Speaking to FTAdviser, Mattison said the purpose of Ssas’ is really for company directors and business owners, stating they are appropriate for the entrepreneurs because of the flexibility that they provide. 

“You can't get a more flexible type of pension scheme in this country and they're still specialist and still niche,” he said.

“They're not a mainstream product and a lot of advisers don't seem to understand them. They basically shy away from them, find them too complicated and they don't see how they can make money out of them so a lot of advisers would almost discount them as well.”

Mattison argued there was a lot of scope within the product for flexibility that you were unable to get anywhere else. 

“There is no other pension product like this, where you get all these tax benefits that you get from a registered pension scheme and they can do all this other stuff at the same time.” he said. 

“I feel that [advisers] do not see where they can earn money. The standard way that an adviser earns money for pensions is sticking on a platform and picking up half a percent per year, plus a bit of stuff around the edges of transfers. 

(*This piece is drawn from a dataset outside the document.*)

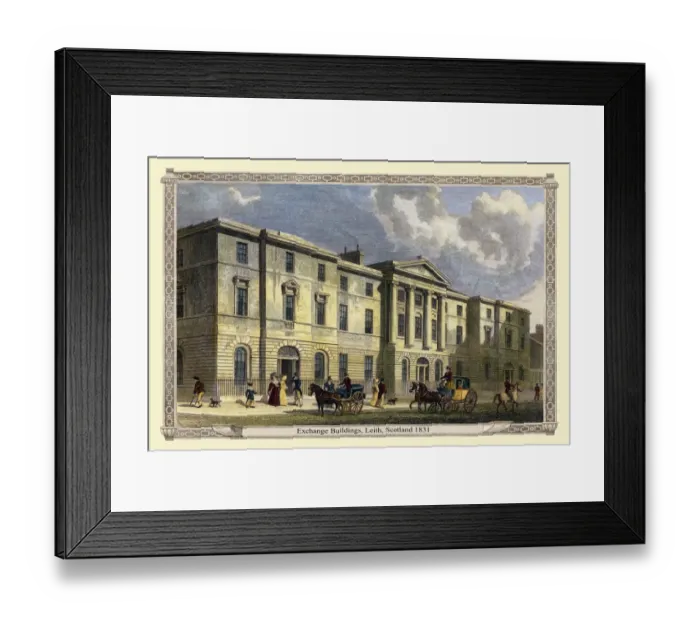 Framed Print : Exchange Buildings, Leath, near Edinburgh Scotland 1831 Framed Print : Exchange Buildings, Leath, near Edinburgh Scotland 1831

“They don't see Ssas as being platform friendly products because clients are doing other things with the money, buying properties and making loans so if they don't see platform potential, they don't see the earnings potential. 

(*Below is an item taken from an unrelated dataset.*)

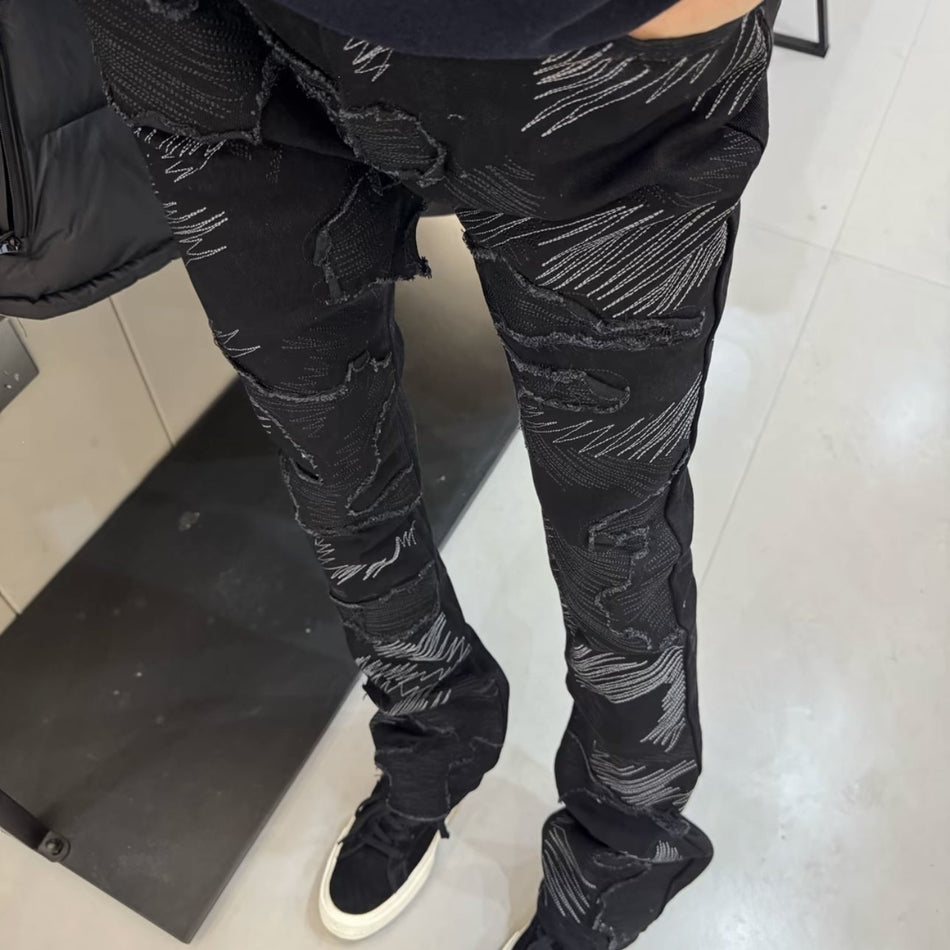 Men’s Patchwork Embroidered Slim Flared Jeans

“They either just don't bother with it or they don't recommend clients have that kind of product where it may well be the right product for them.” 

Mattison argued that advisers will often say they do not offer Ssas as they are not suitable for clients.

“The idea is that not only do they do commercial properties, but they do loans to client businesses, loans to third party businesses, private equity in clients’ companies and in other companies. This is the unusual stuff that Sipps used to do, but don't anymore and Ssas still do.”

But chartered financial planner Greg Neall of Wake Up Your Wealth argued that while Ssas’ were typically sold for up front tax benefits for property purchase, it was still a retirement plan for all those concerned and an exit strategy had to be agreed. 

“Whenever I have shown clients the tax benefit over the lifetime of the main business owner, including sale of the property and payment out of benefits, the tax savings have not outweighed the complications, costs and liquidity risks and none of them have ever proceeded,” he said. 

“My view is that Ssas fall into the same category as transitional tax free cash protection: they are a niche and obscure solution resulting from near obsolete legislation, which deliver a miniscule benefit to consumers across the industry, and they should be got rid of to make the world of pensions simpler for all.”

Family plan - to be or not to be

Some have labelled Ssas as a solution to act as a family pension plan due to its capability of having multiple members.

Mattison said: “With Ssas’, there are many occupational schemes so you can have multiple members and they are the perfect structure for the family pension scheme, which is an underused strength of the product. 

“You can have 11 family members but if somebody dies, you can have unlimited beneficiaries, which means that the product can cascade down the generations. We have a number of clients that do that and these schemes tend to build up to being quite large in terms of the fund size.”

Funds can sometimes be £10bnn plus where one adviser is running the family scheme or overseeing it.

“Everybody gets together once a year for a big family meeting to review the investment performance and the investments can be spread across a whole range of different things or they could all be invested through one managed fund or one discretionary managed fund for the whole family.”

But Penney, Ruddy & Winter chartered financial planner David Penney argued otherwise.

“I can’t see how it works better as a “family pension scheme” than a series of Sipps, unless it was a family business where the pension scheme owns the commercial premises,” he said. 

“It’s an additional lawyer of fees, complexity and trustee duties that most people don’t need in my view.”

Likewise Neall, said: “The advantages of a Ssas compared to other products for a family run business are really few and not quite as they seem.

“A family with an unencumbered house can raise a loan back to the company from the Ssas against the security of the property, and the rate of interest can be favourable. This loan back feature is the only real advantage over a Sipp or group Sipp arrangement.”

Neall said some argue that you can minimise cost because you can set up your own trust and scheme registration. 

“This is only really true if either you have someone with the appropriate skills within the company/family or the assets of the scheme are very significant so the flat fees incurred are low as a percentage compared to a Sipp provider where you will probably pay a percentage custody charge,” he said.

“The pooling of funds and inclusion of family members is sold as an attractive feature, but I see them as red herrings. What if not all the family work in the business, do the non-working members deserve the same pension? If you have numerous members, will they all agree on the same overall investment strategy?”

He explained that in reality, the head of the family or the company tends to make the decisions, and the other employees or family members may agree against their better judgement. 

“Over the years, these situations can easily descend into conflict,” he said.